**INFORMATION SHOWN:**
#####
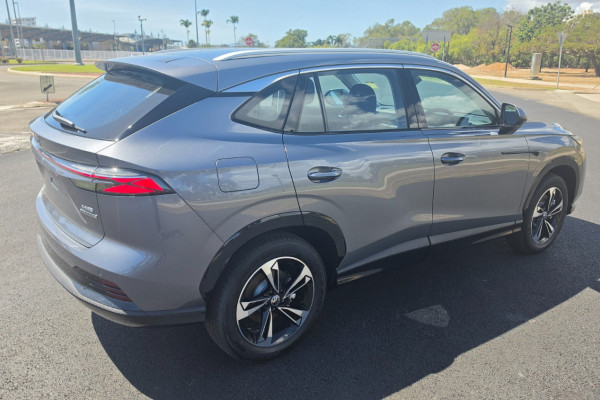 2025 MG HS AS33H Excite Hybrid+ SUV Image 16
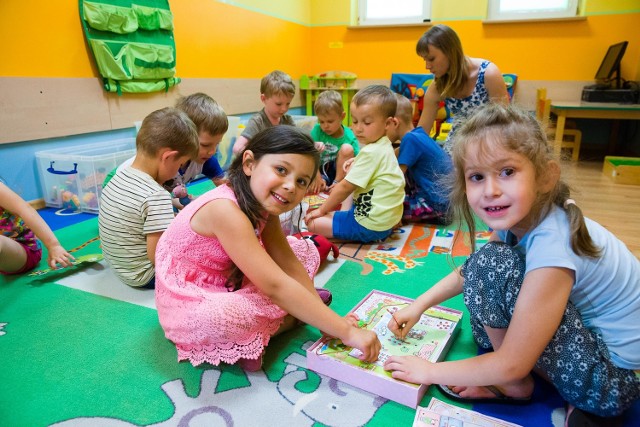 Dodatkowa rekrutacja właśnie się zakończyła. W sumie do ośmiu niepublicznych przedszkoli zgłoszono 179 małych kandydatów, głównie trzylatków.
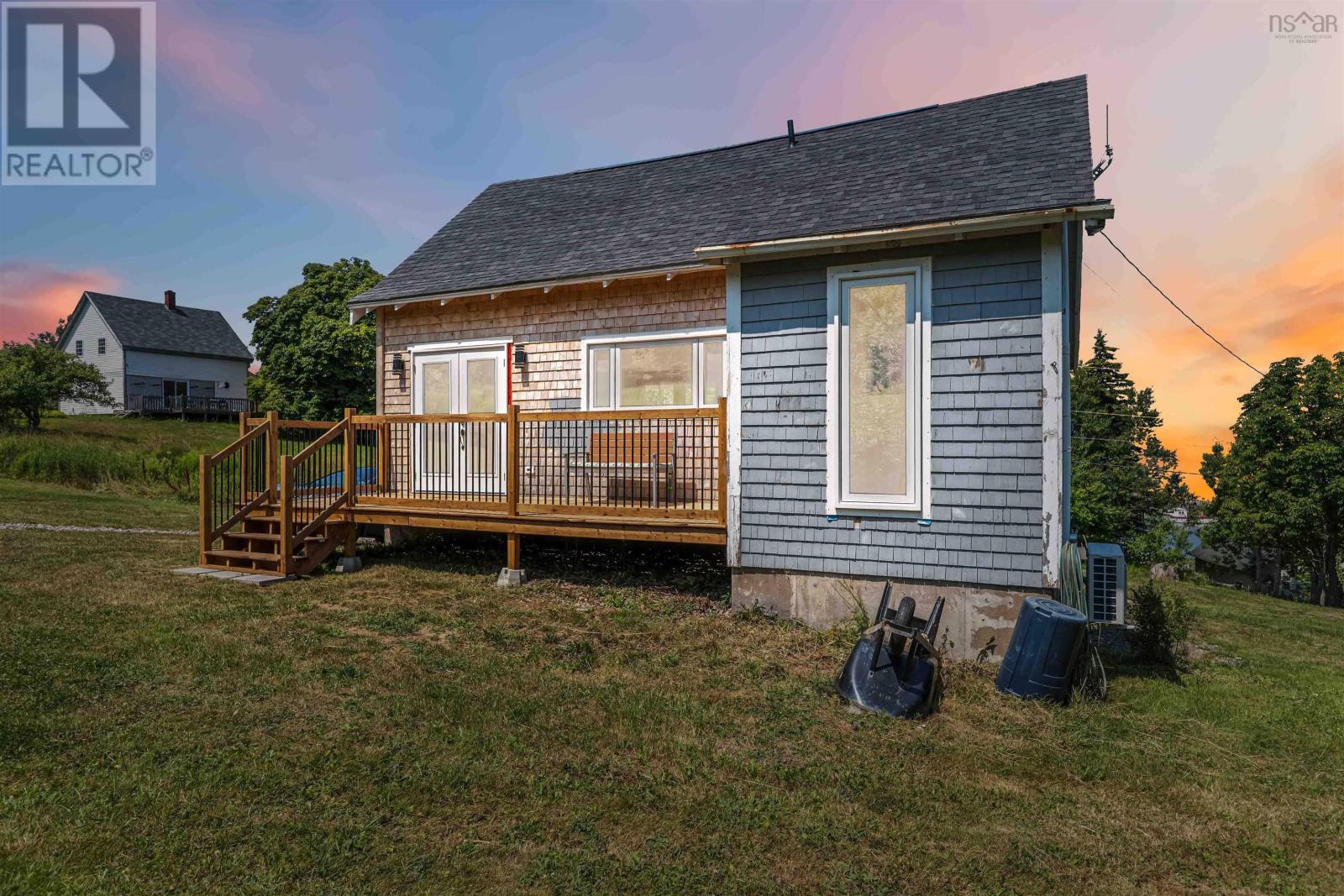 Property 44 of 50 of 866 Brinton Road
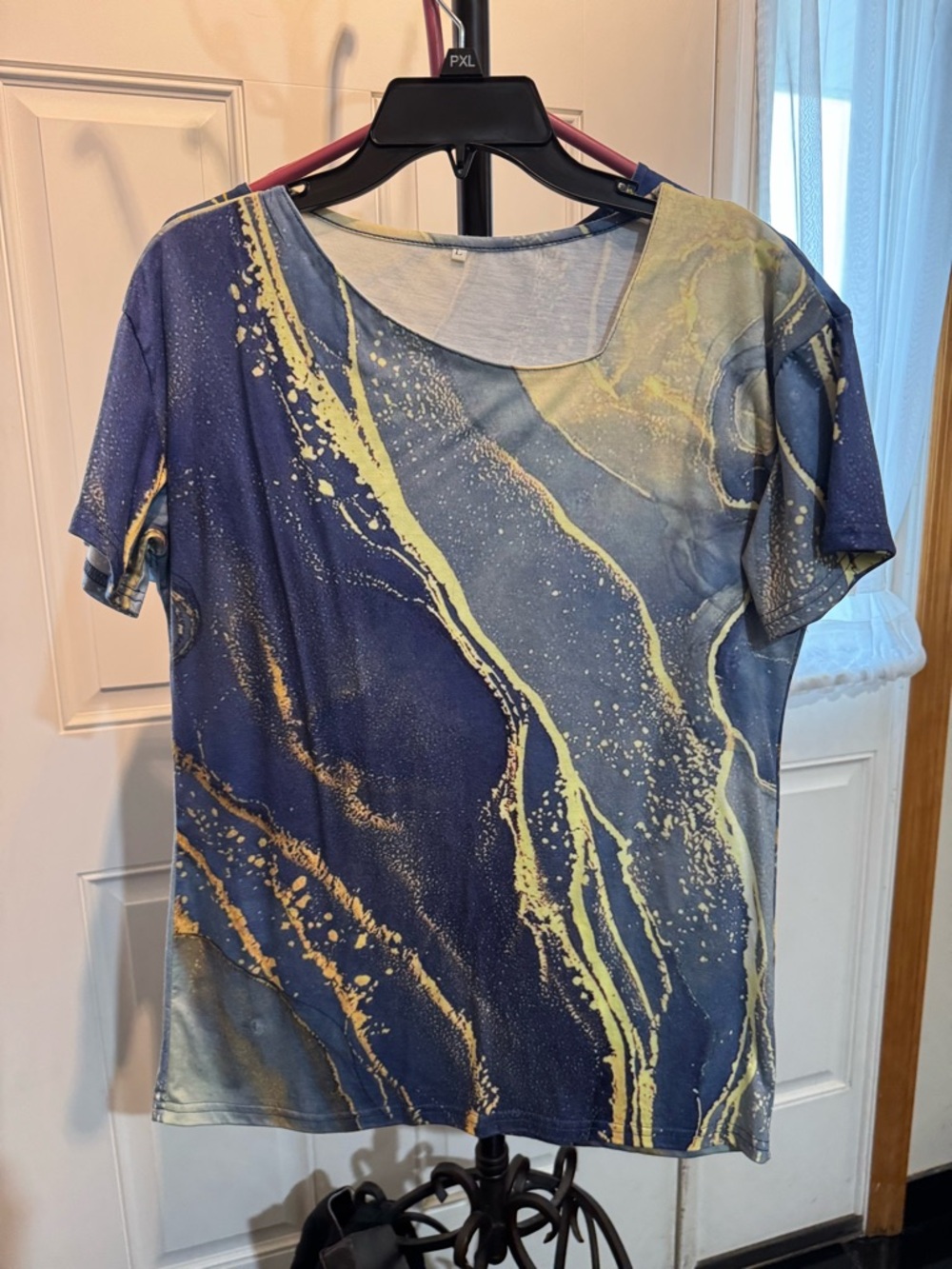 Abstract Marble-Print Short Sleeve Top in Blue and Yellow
#####
Every word of the material above should be copied exactly; no pictures.

**SOLUTION BELOW:**
 2025 MG HS AS33H Excite Hybrid+ SUV Image 16
 Dodatkowa rekrutacja właśnie się zakończyła. W sumie do ośmiu niepublicznych przedszkoli zgłoszono 179 małych kandydatów, głównie trzylatków.
 Property 44 of 50 of 866 Brinton Road
 Abstract Marble-Print Short Sleeve Top in Blue and Yellow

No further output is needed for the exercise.